RECORDS FOR PROCESSING:
========
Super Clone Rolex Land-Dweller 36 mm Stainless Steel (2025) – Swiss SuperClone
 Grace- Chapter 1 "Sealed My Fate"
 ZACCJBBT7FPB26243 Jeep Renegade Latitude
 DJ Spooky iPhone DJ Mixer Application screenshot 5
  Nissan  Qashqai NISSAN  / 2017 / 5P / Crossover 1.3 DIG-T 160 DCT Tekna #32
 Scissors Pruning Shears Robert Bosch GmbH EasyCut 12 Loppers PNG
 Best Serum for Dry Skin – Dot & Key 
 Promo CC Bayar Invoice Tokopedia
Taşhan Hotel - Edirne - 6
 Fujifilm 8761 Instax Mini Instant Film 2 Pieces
========
YOUR GOAL:
Once more, print every line of the material exactly.

RESPONSE AREA:
Super Clone Rolex Land-Dweller 36 mm Stainless Steel (2025) – Swiss SuperClone
 Grace- Chapter 1 "Sealed My Fate"
 ZACCJBBT7FPB26243 Jeep Renegade Latitude
 DJ Spooky iPhone DJ Mixer Application screenshot 5
  Nissan  Qashqai NISSAN  / 2017 / 5P / Crossover 1.3 DIG-T 160 DCT Tekna #32
 Scissors Pruning Shears Robert Bosch GmbH EasyCut 12 Loppers PNG
 Best Serum for Dry Skin – Dot & Key 
 Promo CC Bayar Invoice Tokopedia
Taşhan Hotel - Edirne - 6
 Fujifilm 8761 Instax Mini Instant Film 2 Pieces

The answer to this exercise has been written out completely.